After noticing an application tended to discard random emails due to incorrect string value errors, I went though and switched many text columns to use the utf8 column charset and the default column collate (utf8_general_ci) so that it would accept them. This fixed most of the errors, and made the application stop getting sql errors when it hit non-latin emails, too.

Despite this, some of the emails are still causing the program to hit incorrect string value errrors: (Incorrect string value: '\xE4\xC5\xCC\xC9\xD3\xD8...' for column 'contents' at row 1)

The contents column is a MEDIUMTEXT datatybe which uses the utf8 column charset and the utf8_general_ci column collate. There are no flags that I can toggle in this column.

Keeping in mind that I don't want to touch or even look at the application source code unless absolutely necessary:

  • What is causing that error? (yes, I know the emails are full of random garbage, but I thought utf8 would be pretty permissive)
  • How can I fix it?
  • What are the likely effects of such a fix?

One thing I considered was switching to a utf8 varchar([some large number]) with the binary flag turned on, but I'm rather unfamiliar with MySQL, and have no idea if such a fix makes sense.


Solution 1:

UPDATE to the below answer:

The time the question was asked, "UTF8" in MySQL meant utf8mb3. In the meantime, utf8mb4 was added, but to my knowledge MySQLs "UTF8" was not switched to mean utf8mb4.

That means, you'd need to specifically put "utf8mb4", if you mean it (and you should use utf8mb4)

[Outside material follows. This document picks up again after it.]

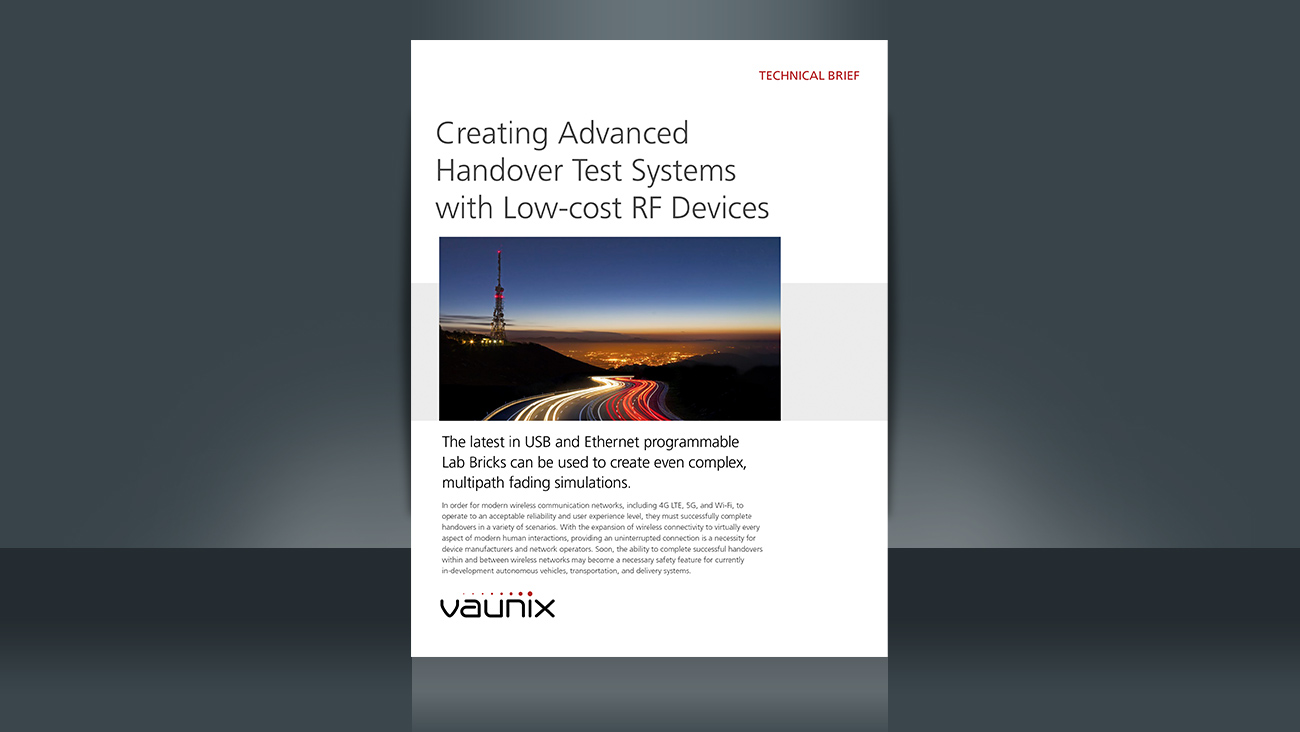 Creating Advanced Handover Test Systems with Low-cost RF Devices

I'll keep this here instead of just editing the answer, to make clear there is still a difference when saying "UTF8"

Original

I would not suggest Richies answer, because you are screwing up the data inside the database. You would not fix your problem but try to "hide" it and not being able to perform essential database operations with the crapped data.

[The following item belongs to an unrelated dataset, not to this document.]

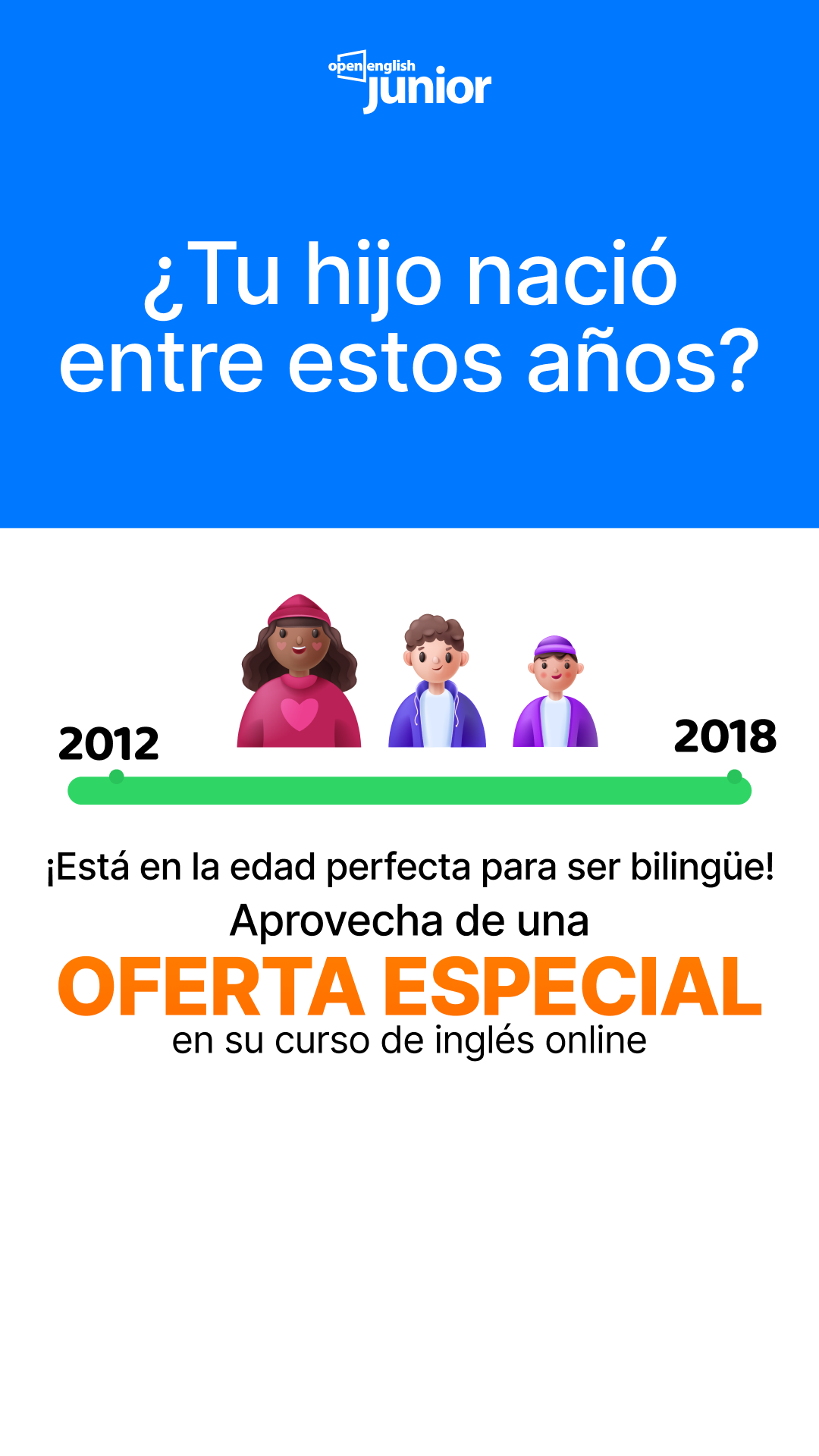 Open English Junior Facebook ad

If you encounter this error either the data you are sending is not UTF-8 encoded, or your connection is not UTF-8. First, verify, that the data source (a file, ...) really is UTF-8.

Then, check your database connection, you should do this after connecting:

SET NAMES 'utf8mb4';
SET CHARACTER SET utf8mb4;

Next, verify that the tables where the data is stored have the utf8mb4 character set:

SELECT
  `tables`.`TABLE_NAME`,
  `collations`.`character_set_name`
FROM
  `information_schema`.`TABLES` AS `tables`,
  `information_schema`.`COLLATION_CHARACTER_SET_APPLICABILITY` AS `collations`
WHERE
  `tables`.`table_schema` = DATABASE()
  AND `collations`.`collation_name` = `tables`.`table_collation`
;

Last, check your database settings:

mysql> show variables like '%colla%';
mysql> show variables like '%charac%';

If source, transport and destination are utf8mb4, your problem is gone;)

Solution 2:

MySQL’s utf-8 types are not actually proper utf-8 – it only uses up to three bytes per character and supports only the Basic Multilingual Plane (i.e. no Emoji, no astral plane, etc.).

If you need to store values from higher Unicode planes, you need the utf8mb4 encodings.